Chinese and US flags flutter outside the building of an American company in Beijing, China, January 21, 2021. (Reuters photo)

The US Senate Commerce Committee plans to discuss a bipartisan technology measure to address competition with China amid ongoing tensions between the world’s two largest economies.

The committee is set to hold a hearing on April 14 on the bill, titled the “Endless Frontier Act,” which would advance US technology research and development efforts.

The bill, which was initially proposed in 2020 and cosponsored by Senate Democratic Leader Chuck Schumer and Republican Senator Todd Young, calls for $110 billion over a five-year period to bolster US technology efforts.

The hearing “will address potential actions to strengthen the US innovation ecosystem, including increasing National Science Foundation research funding; growing and diversifying the science, technology, engineering, and mathematics (STEM) pipeline; improving technology transfer; and investing in regional innovation centers,” said Senate Commerce committee chair Maria Cantwell in a statement on Wednesday.

In March, Schumer said several committees would hold hearings and mark-ups on bipartisan legislation “designed to bolster American competitiveness and counter the growing economic threats we face across the globe, especially from the Chinese Communist Party.”

The top Democrat also seeks to push legislation on improving US semiconductor production and, according to congressional aides, both proposals could total $200 billion.

Kelvin Droegemeier, who headed the White House Office of Science and Technology Policy under former president Donald Trump, University of Notre Dame Provost Marie Lynn Miranda and others including educators from Mississippi State University and the MIT Office of Open Learning will attend the hearing.

Sources told Reuters the committee might hold a separate hearing later this month to discuss legislative language.

Meanwhile, the Senate Foreign Relations Committee is moving legislation to address global strategic competition with China.

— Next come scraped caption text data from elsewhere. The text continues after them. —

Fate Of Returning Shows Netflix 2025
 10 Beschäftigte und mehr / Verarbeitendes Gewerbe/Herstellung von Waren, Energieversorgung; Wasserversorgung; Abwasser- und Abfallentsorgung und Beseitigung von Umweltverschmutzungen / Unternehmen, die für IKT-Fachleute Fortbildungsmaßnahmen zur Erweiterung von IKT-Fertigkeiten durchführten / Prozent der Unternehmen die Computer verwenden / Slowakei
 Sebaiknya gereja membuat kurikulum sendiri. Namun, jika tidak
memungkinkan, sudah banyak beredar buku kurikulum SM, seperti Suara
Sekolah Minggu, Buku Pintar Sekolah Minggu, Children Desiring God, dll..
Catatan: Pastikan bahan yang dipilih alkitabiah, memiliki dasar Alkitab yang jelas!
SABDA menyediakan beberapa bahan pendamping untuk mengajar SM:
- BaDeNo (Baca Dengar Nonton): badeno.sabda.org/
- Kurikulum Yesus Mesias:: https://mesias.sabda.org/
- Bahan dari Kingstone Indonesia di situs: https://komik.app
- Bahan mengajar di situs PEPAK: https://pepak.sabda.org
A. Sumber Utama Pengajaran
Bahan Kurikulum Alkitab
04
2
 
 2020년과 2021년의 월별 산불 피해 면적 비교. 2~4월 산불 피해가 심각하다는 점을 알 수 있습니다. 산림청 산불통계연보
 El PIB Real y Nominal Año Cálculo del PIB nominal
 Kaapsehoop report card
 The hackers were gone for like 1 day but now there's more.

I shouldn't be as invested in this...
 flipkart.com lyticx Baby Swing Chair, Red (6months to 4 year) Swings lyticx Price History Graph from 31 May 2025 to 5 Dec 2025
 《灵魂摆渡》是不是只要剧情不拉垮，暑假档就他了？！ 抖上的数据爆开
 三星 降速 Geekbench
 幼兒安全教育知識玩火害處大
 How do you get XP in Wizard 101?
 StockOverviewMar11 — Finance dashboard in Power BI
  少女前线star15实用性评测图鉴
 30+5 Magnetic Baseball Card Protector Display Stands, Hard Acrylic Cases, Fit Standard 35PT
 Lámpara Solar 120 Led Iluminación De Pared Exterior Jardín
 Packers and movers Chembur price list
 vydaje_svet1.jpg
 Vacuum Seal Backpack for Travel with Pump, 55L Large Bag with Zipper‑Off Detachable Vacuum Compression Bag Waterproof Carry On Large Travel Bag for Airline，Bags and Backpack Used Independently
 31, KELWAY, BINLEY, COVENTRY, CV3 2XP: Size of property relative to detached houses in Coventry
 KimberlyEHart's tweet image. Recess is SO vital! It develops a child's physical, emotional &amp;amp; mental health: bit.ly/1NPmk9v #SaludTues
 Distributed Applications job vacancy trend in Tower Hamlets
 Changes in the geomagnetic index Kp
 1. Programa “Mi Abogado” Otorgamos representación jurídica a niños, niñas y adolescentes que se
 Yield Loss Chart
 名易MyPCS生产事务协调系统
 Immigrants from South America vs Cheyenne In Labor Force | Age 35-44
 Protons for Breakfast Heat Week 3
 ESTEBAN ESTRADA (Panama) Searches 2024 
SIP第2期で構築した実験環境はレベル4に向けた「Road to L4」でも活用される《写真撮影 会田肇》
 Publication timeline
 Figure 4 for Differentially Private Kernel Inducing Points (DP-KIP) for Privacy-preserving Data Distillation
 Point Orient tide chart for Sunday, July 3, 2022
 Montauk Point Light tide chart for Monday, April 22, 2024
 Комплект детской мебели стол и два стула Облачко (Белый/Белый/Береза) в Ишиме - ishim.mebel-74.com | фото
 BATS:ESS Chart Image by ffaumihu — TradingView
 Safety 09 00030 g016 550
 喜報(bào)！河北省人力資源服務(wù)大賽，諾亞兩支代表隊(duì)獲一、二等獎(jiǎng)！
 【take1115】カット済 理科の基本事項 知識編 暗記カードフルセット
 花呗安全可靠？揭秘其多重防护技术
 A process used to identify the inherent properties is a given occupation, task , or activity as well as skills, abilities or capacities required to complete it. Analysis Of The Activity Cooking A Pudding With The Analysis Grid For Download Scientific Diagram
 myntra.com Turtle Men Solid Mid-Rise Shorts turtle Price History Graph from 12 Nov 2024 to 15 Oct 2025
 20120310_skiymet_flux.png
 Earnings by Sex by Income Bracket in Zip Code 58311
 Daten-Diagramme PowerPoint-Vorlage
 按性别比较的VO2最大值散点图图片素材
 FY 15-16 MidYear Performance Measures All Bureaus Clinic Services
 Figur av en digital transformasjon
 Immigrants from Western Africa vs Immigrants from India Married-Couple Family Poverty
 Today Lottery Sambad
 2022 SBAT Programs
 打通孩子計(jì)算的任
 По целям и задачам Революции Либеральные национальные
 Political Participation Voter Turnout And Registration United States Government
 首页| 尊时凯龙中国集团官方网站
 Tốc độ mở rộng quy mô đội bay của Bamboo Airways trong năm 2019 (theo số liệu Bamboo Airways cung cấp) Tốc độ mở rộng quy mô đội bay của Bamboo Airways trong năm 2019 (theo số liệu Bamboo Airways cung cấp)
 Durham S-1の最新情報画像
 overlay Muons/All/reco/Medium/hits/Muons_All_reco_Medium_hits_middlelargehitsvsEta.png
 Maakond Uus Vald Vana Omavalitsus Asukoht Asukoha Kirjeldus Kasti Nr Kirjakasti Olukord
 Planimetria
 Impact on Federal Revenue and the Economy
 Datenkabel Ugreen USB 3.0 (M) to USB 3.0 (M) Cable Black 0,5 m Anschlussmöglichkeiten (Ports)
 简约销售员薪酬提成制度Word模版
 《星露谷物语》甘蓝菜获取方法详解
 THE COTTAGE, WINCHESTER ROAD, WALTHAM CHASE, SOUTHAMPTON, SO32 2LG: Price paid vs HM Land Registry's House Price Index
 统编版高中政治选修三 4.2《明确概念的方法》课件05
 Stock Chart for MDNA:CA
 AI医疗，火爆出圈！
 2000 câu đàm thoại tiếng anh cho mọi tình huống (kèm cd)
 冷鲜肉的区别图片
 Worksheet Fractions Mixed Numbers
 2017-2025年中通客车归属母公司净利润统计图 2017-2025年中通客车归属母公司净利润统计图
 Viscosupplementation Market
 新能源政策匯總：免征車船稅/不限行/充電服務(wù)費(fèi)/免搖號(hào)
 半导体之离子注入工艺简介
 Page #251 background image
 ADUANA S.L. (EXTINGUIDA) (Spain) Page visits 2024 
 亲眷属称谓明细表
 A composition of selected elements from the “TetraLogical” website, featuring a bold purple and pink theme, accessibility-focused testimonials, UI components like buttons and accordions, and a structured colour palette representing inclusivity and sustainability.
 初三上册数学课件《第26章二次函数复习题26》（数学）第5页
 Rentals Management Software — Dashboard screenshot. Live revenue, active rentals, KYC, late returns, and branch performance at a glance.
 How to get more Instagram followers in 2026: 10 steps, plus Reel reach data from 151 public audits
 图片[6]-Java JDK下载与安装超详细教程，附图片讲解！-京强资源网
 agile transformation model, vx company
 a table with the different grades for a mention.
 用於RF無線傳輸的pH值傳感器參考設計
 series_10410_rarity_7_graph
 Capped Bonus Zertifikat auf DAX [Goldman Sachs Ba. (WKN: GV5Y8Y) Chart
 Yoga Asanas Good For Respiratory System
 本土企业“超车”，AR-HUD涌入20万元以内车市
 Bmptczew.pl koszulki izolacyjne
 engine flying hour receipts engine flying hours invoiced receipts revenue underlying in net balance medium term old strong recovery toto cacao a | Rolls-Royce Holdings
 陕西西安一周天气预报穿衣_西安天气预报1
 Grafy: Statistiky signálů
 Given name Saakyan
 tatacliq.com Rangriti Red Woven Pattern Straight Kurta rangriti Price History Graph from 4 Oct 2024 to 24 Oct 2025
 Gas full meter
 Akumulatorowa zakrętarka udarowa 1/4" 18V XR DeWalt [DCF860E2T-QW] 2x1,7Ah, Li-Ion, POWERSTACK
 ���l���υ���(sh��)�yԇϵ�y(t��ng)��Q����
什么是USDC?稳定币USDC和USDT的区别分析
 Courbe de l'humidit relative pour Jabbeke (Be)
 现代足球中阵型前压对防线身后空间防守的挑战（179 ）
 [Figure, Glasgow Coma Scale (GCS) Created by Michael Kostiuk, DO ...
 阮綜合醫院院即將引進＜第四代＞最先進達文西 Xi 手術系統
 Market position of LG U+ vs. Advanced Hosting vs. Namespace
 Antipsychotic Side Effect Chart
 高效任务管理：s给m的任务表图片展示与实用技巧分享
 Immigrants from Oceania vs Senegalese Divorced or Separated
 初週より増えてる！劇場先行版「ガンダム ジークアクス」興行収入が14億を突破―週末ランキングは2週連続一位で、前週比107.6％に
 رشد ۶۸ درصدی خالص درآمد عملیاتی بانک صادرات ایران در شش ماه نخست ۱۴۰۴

The panel is hopeful that it can complete a draft of the measure this week in order to put it up to a vote in the committee as soon as next week.

The US relations with China grew increasingly tense under the Trump administration. Washington continually clashed with Beijing over trade, the South China Sea, Taiwan, Hong Kong, and the coronavirus pandemic.

Later, President Joe Biden also backed Trump’s tough approach, pledging that the US would continue to confront what he called China's "attack on human rights, intellectual property and global governance.” Beijing has rejected those charges.